Computation is Exclusive
A "computable number" is defined as a number for which a finite
machine with a finite program exists whose output converges on
that number. Notice that we don't require the number to ever be
completely computed, but merely that the output of the program
converges on that number. For example, numbers such as sqrt(2)
and PI and e are considered computable, because we can specify
finite programs that converge on these values.
When discussing "computable numbers" we usually argue that the
quantity of such numbers is necessarily countable, because a
computable number is defined to be a number that is implied by
a finite machine with a finite program (written with a finite
number of characters), and such machines and programs are obviously
countable. However, we should perhaps qualify this, so that
"computable" is understood to mean "deterministically computable",
or maybe a better term would be "repeatably computable". A non-
deterministic computer (such as a machine printing out a string of
binary digits 0.10011101... based on a sequence of coin tosses or
quantum mechanical processes, has as its range of possible outputs
every real number. Of course, with such a machine we can't say
in advance to what value the output converges, but is it correct
to say that, therefore, the output does not converge?

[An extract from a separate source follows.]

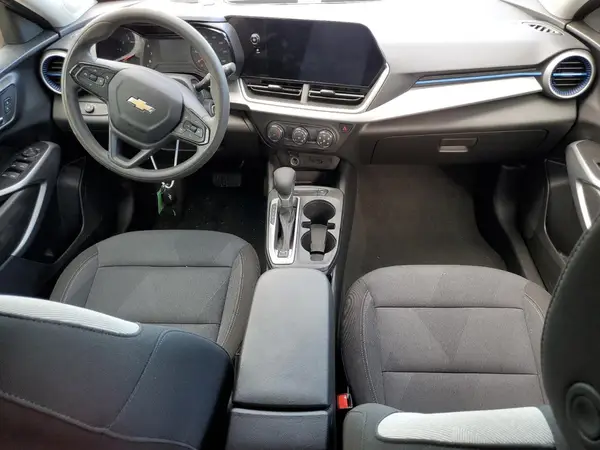 KL77LFEPXSC111779 2025 CHEVROLET TRAX - Image 8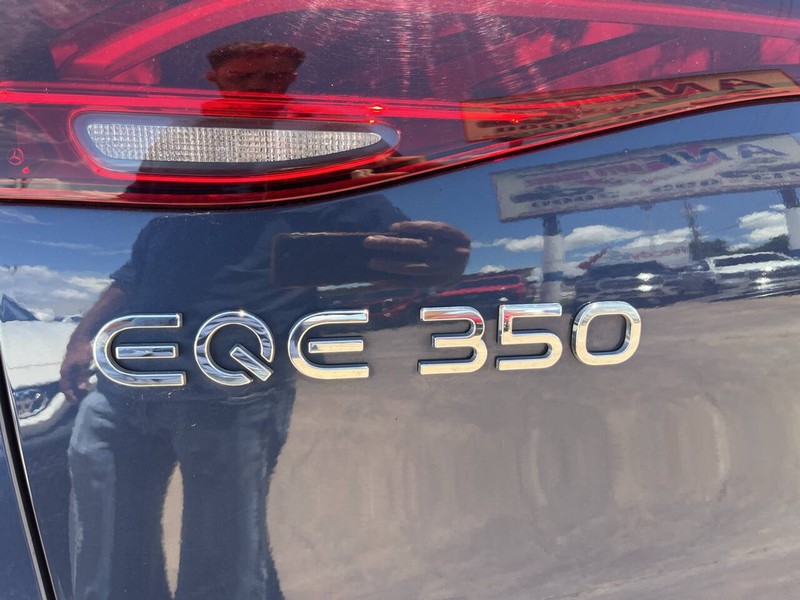 Mercedes-Benz EQE Vehicle Image 12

We can't conceptually extrapolate the output of such a machine to
infinity, so we can't talk about convergence in the usual way. All
we ever have from a random process are the results already produced.
The "ultimate" result of the process never "exists", at least not in
the same first-order Platonic sense that the ultimate result of a
PI-computing algorithm "exists" and is implicit in the algorithm.
For a random process, all numbers are equally implicit, and one
particular number only gets singled out on a finite basis as the
digits are formed.
This illustrates that the essence of computation is exclusive, not
inclusive. We never actually construct a real number such as PI.
As we ADD digits we simply EXCLUDE all but a smaller and smaller
range of possibilities. All knowledge (from a sufficiently robust
point of view) is exclusive in nature, sort of like the idea that
a statue is already "there" in the raw block of stone, and all the
sculptor does is remove the surrounding material.